__TASK STATEMENT__. The entries below are to be returned as written, with all pictures dropped.
......
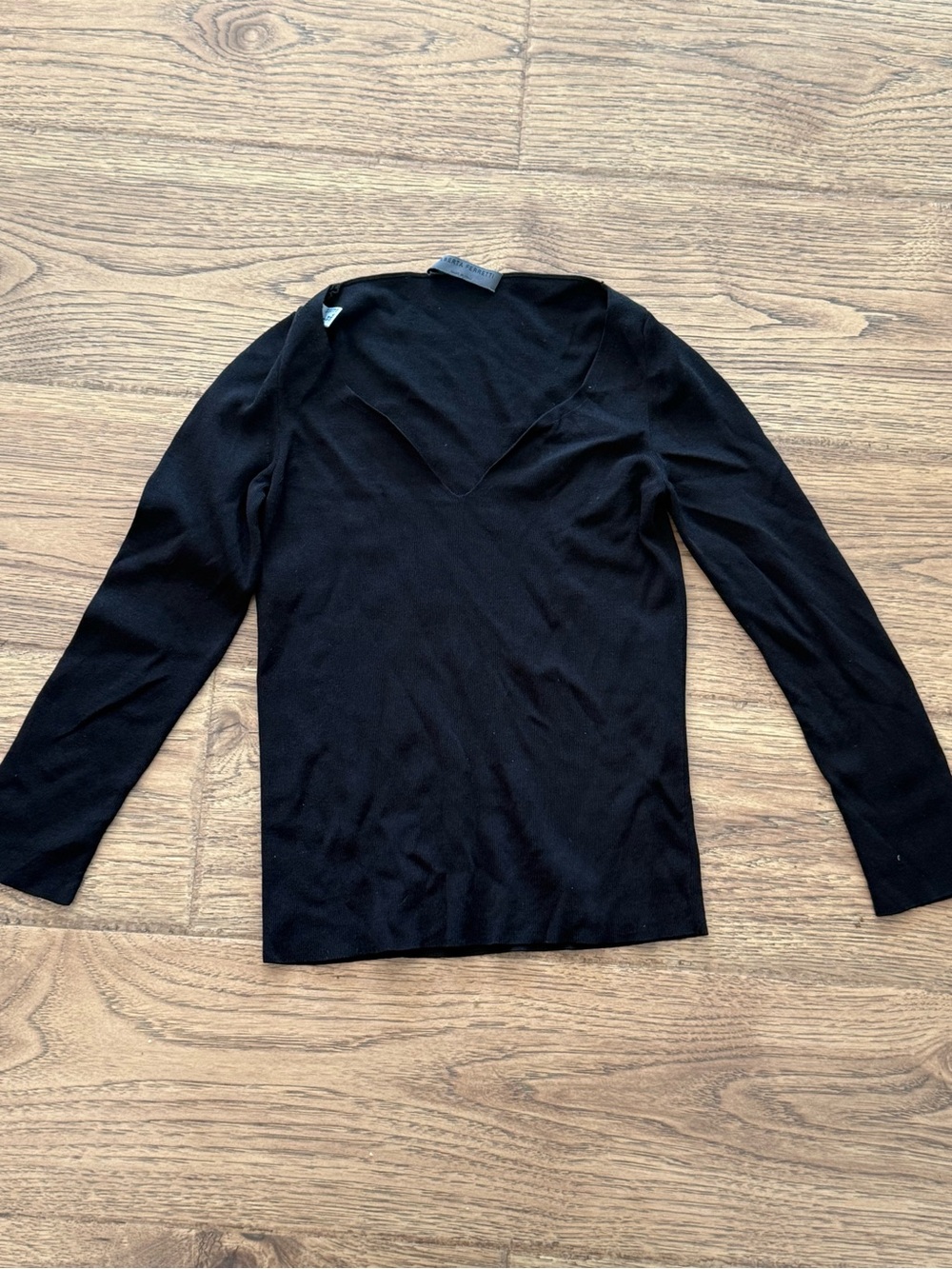 Alberta Ferretti Black Knit V-Neck Top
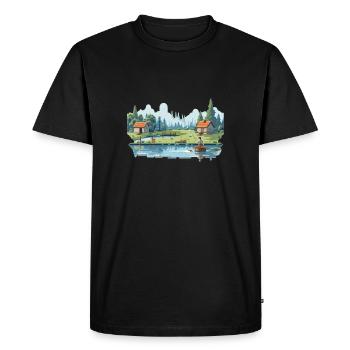 Angler Nature 8Bit Style - T-shirt Premium bio Homme - noir - Devant - Nico (187cm)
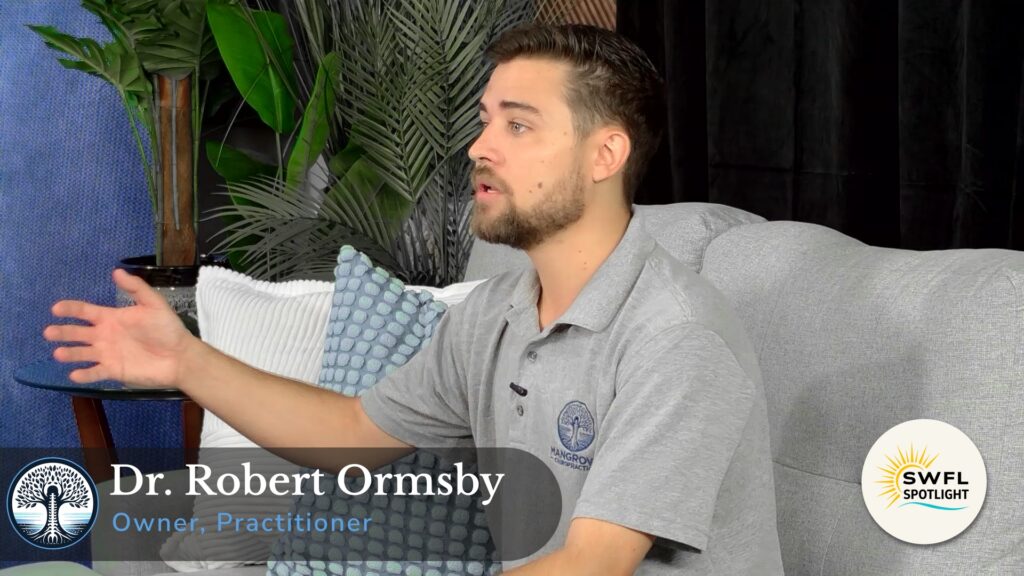 Dr. Robert Ormsby DC of Mangrove Chiropractic during a SWFL Spotlight interview at the MelloD Designs studio in North Fort Myers, Florida.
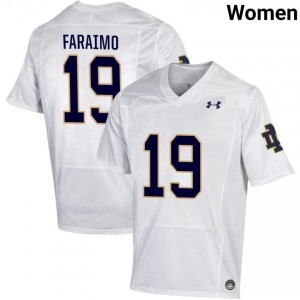 Notre Dame Fighting Irish #19 Madden Faraimo White Women NCAA Football Authentic Design Jersey h0014380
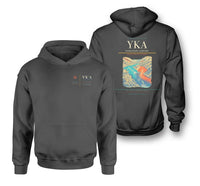 Thumbnail for Kamloops Airport (YKA) design on dark gray double-side hoodie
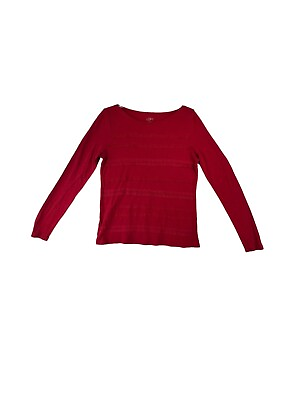 #ad Loft Women Size M Shirt Red Long Sleeve Lace Stripes Light Weight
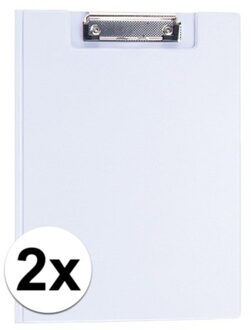 Documenten Clipboard in A4 formaat - 2x stuks - wit - pvc - klembord - 21 x 29 cm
......
__FINISHED EXERCISE__.
 Alberta Ferretti Black Knit V-Neck Top
 Angler Nature 8Bit Style - T-shirt Premium bio Homme - noir - Devant - Nico (187cm)
 Dr. Robert Ormsby DC of Mangrove Chiropractic during a SWFL Spotlight interview at the MelloD Designs studio in North Fort Myers, Florida.
 Notre Dame Fighting Irish #19 Madden Faraimo White Women NCAA Football Authentic Design Jersey h0014380
 Thumbnail for Kamloops Airport (YKA) design on dark gray double-side hoodie
 #ad Loft Women Size M Shirt Red Long Sleeve Lace Stripes Light Weight
 Documenten Clipboard in A4 formaat - 2x stuks - wit - pvc - klembord - 21 x 29 cm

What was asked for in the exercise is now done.